However, his 2019 remarks opposing reparations for American descendants of enslaved people tells Black folx all we need to know about him.
After four rounds of voting, the dysfunctional Republican Party has finally elected a Louisiana Republican Mike Johnson, now second in line to the presidency, as House Speaker. It’s a vote that ensures GOP leadership remains far-right and uncompromising.
Over the next several days, reporters will surely be grilling House Speaker Johnson about his plans for military aid to Israel and Ukraine, his past efforts to overturn the 2020 election for Donald Trump, and his approach to working with Democrats.
A brief glance at his four-year-old argument against reparations would save reporters the trouble of understanding his approach to politics: denial, gaslighting and false truths.
House Speaker Mike Johnson once used MLK quote to argue against reparations
Speaker Johnson, much like 400 years of radical representatives before him, doesn’t believe Black Americans deserve reparations for slavery, Jim Crow, or any other form of systemic racism.

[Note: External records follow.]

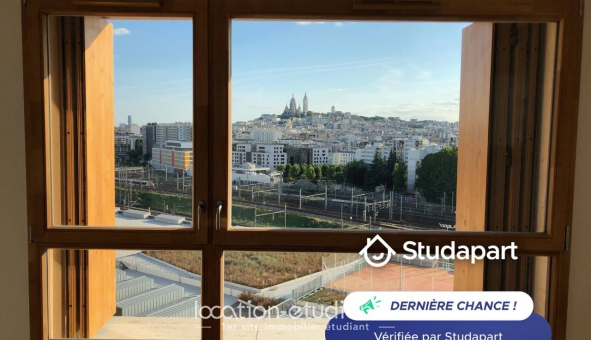 Logement tudiant T2 à Paris 18me arrondissement (75018)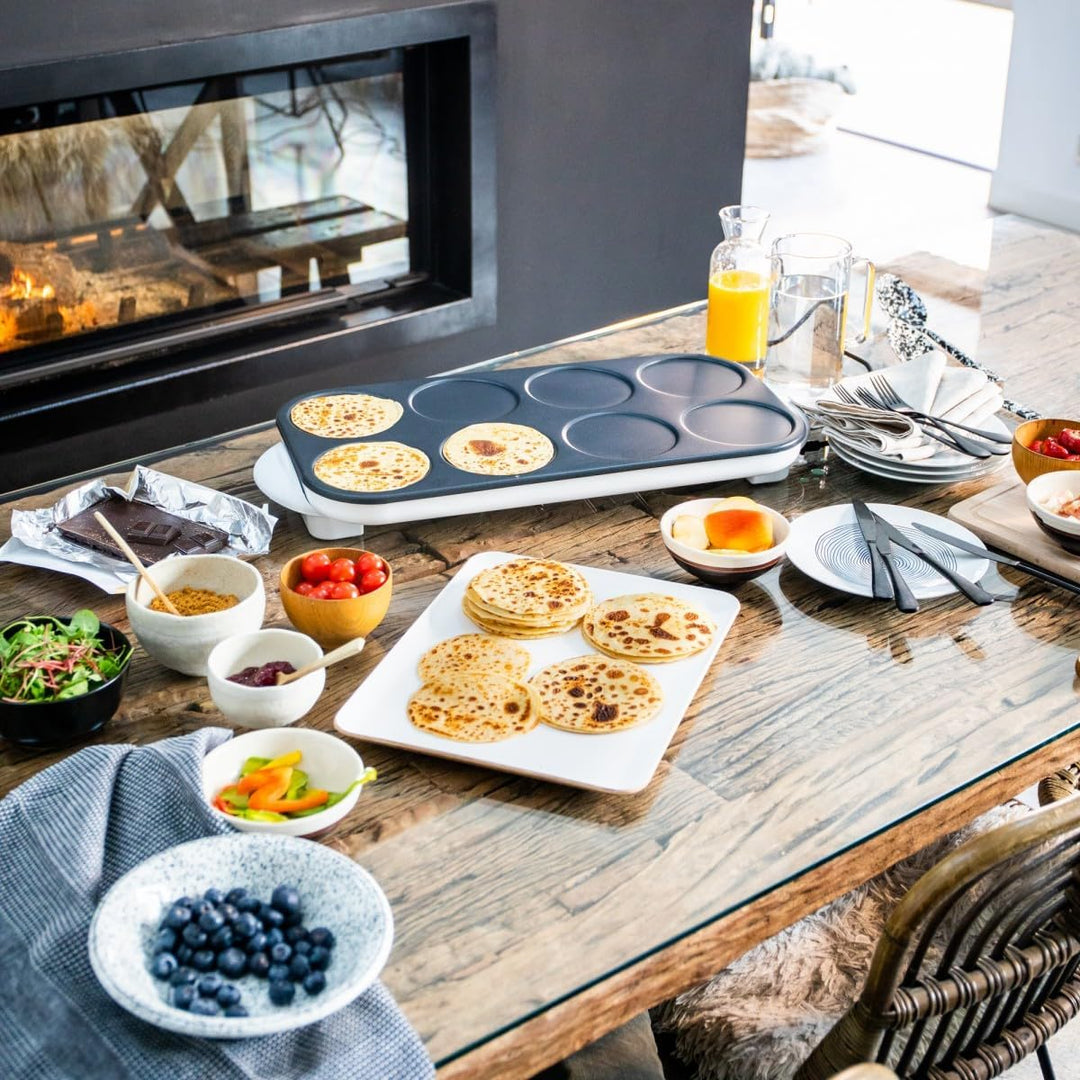 Maxi Crêpes Party 1500 W - DOC186 ( Catégorie : Crépière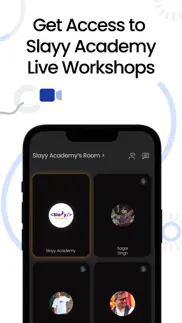 slayy academy iPhone Captures Décran 3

His opposition is hardly surprising. Johnson is an ultraconservative White male Republican from a former slave-holding state, and he’s American.
A strong majority of Americans, including Democrats, have consistently opposed reparations for descendants of enslaved people, though support has grown slightly in recent years. Roughly 38% percent of Americans support reparations, up from just 26% in 2016.
Meanwhile, in typical fashion for politicians upholding the status quo, Mike Johnson used a quote from Dr. Martin Luther King Jr. to argue against restorative economic justice for Black American Freedmen descendants.
Back in 2019, the House Judiciary Committee discussed House Resolution 40. The bill would establish the Commission to Study and Develop Reparation Proposals for African-Americans Act. Since 1989, a version of the bill has been reintroduced in Congress but never passed.
During the hearing, Rep. Johnson gave the opening statement for the Republican Party.
House Speaker Johnson misquoted Dr. King
In an attempt to use the words of the nation’s greatest civil rights leader to support his argument, Johnson quoted a phrase from Dr. King regarding foot races.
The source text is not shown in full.